Try the food in several places to make sure it is cooked perfectly and be sure to wash the thermometer after using it.

 

 

  • Beef, lamb and beef steaks are baked at 62.7 ° C to the degree of mussel and at 71 ° C to the degree of mussel.
  • Minced beef, pork and steaks, ribs, egg dishes are cooked at 71 ° C.
  • Turkey, stuffed chicken is cooked at a temperature of about 74 ° C.
  • Chicken and turkey breasts - 76.7 ° C.
  • Whole chicken or turkey, as well as chicken or turkey leg, is roasted at a temperature of about 82 ° C.

 

If you do not have a thermometer, you can recognize the readiness of the food by other criteria.

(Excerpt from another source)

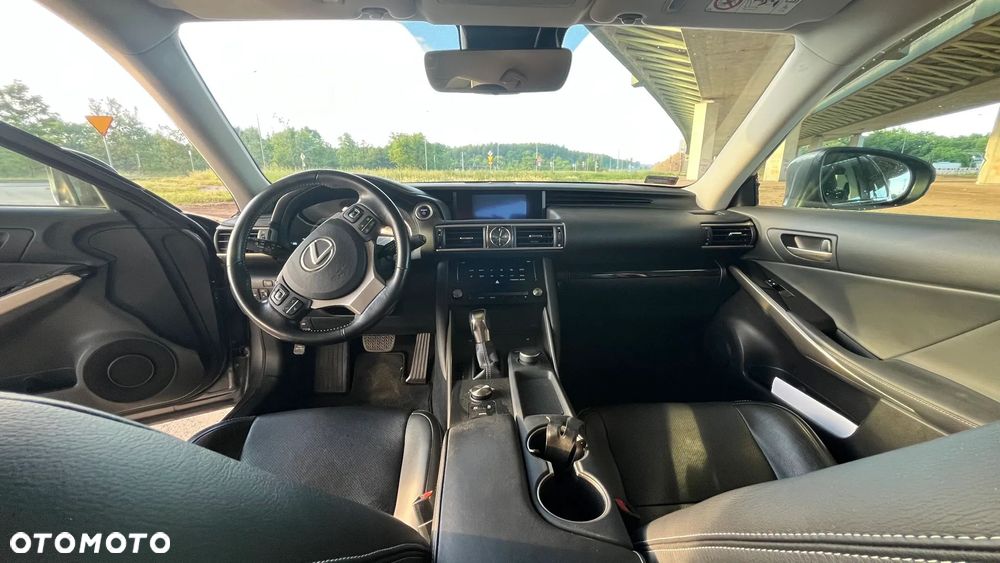 Lexus IS 300h Elegance - 12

Do not eat meatballs, if cutting it, it is pink inside.

 

Avoid cooking in the microwave .

This type of cooking is fast and convenient, but it is very uneven. In some places, uncooked areas may remain, from where bacteria can begin to grow. For good results in microwave cooking, stir the food during cooking or turn the meat on all sides. When cooking meat, if you have a cooking thermometer, check the temperature of the meat in several places, as the temperature may vary.

 

Raw and semi-raw (marinated) fish delicacies such as sushi, sashimi, etc. are attractive, but their safety cannot be guaranteed. The advice of the health authorities on food preparation is to always cook the fish thoroughly. Once well cooked, the fish has white flesh that is easily separated with a fork.

 

Most sushi restaurants cannot guarantee the safety of their food . Fish used for sushi must be quick-frozen to minus 35 ° C or less for at least 15 hours or frozen at -20 ° C for 7 days. This is how all the microorganisms that can be found in fish can be killed. Unfortunately, freezing does not kill bacteria and viruses.

 

For this reason, eating raw fish carries risks, and the US Food Agency and WHO advise people with compromised immune systems, children, pregnant women and the elderly to avoid eating raw fish .

 

Do you have childhood memories of licking the mixer stirrers after your mother made a cake mix? It turns out that this is a wrong and unsafe practice. This is because raw eggs are involved in the preparation of the cake . According to statistics, one-third of chicken eggs in the United States are infected with salmonella. In our country - it is not known.

 

That's why food safety experts advise you to cook the eggs until the egg whites and yolks are firm. To get hard-boiled eggs, they need to neck between 7 and 12 minutes. For fried eggs, cooking should continue for at least 3-4 minutes on one side and 1-2 minutes on the other. Well-cooked scrambled eggs should not be runny. If you use eggs in the preparation of food (soups, broths, sauces) and pastries, make sure that the temperature of the respective food reaches at least 70 ° C.

 

The safety of your food and your health is entirely up to you. Be careful when cooking meat, fish and eggs. Make sure they are cooked properly, reaching the right temperature, but have also been stored properly before starting their heat treatment.